The Town at Night

Driving through Hardwick, Vermont, last night, beneath a crescent moon, the 11-year-olds in the backseat playing a word game and clapping, the 17-year-old  dreaming thoughtfully at the wheel, I marveled at how good Hardwick looks in the dark, the handful of streets lit up, the Town House’s double doors open for a musical, foyer chandelier shining welcomingly.

Run-down Hardwick, with its perpetually empty storefronts, the town of two auto parts stores, five gas stations with cheap greasy food, one food co-0p with pricy produce, and one thrift store. Reservoir of cheap beer and highly-taxed cigarettes and way too many scratch-off tickets. A town of more well-heeled days, called theirs now by those who have moved in with plenty of money or education or both, while those who have lived here for generations frequently are scant on both.

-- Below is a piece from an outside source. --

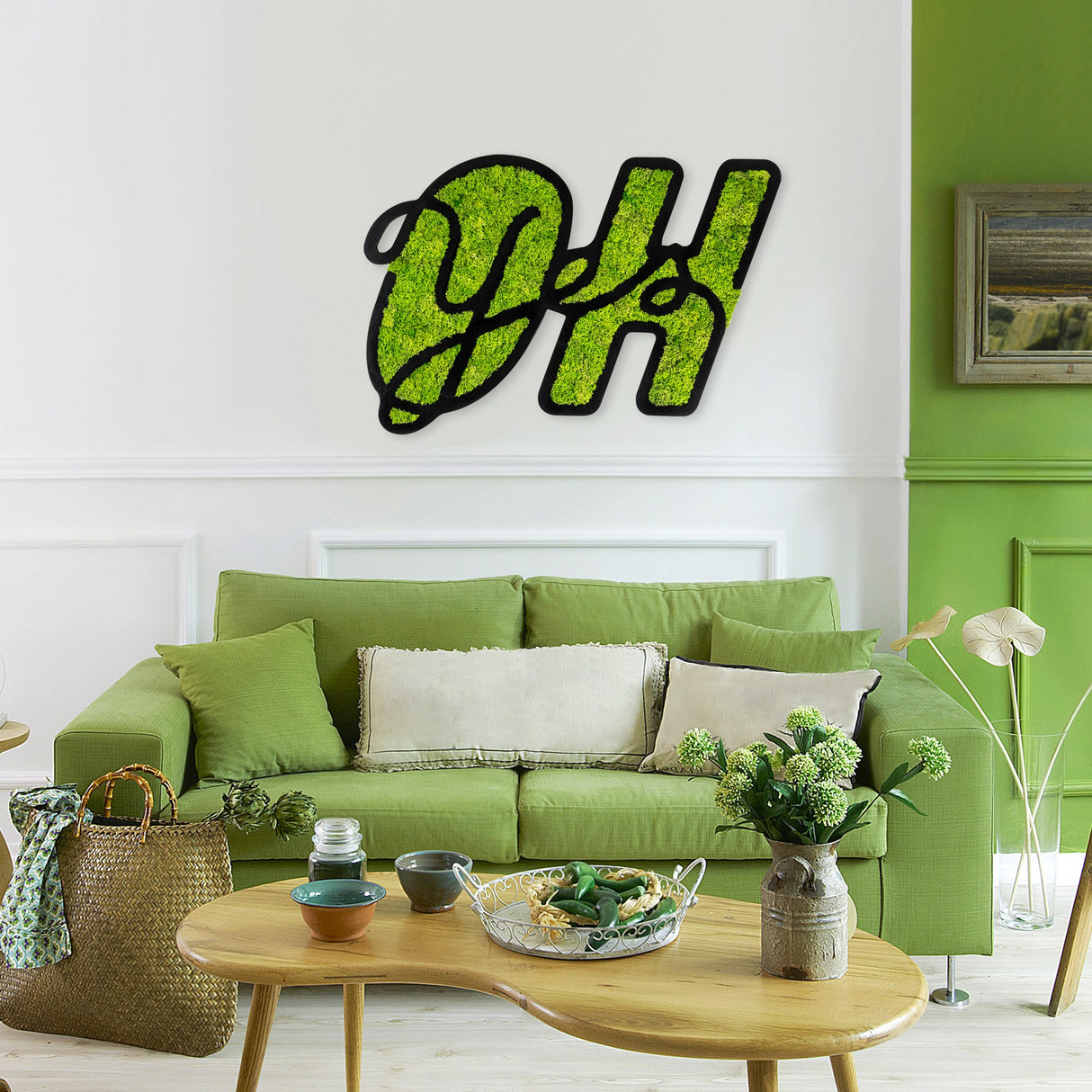 Decorațiune de perete din lemn Moss - Oh Yes, Verde, 52x76x1 cm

I left the Town House before the finale, standing outside in the cold. Freakishly, a structural fire burned behind the Town House, bright flames turning billowing smoke and steam bright red, split through with blue police lights. The cold gnawed at my feet. Overhead, clusters of stars and that curl of moon pushed through the streetlights and hazy atmosphere. From the closed doors, I heard a girl’s clear song, her voice graceful as a heron in flight, slowly winging its way through the sky.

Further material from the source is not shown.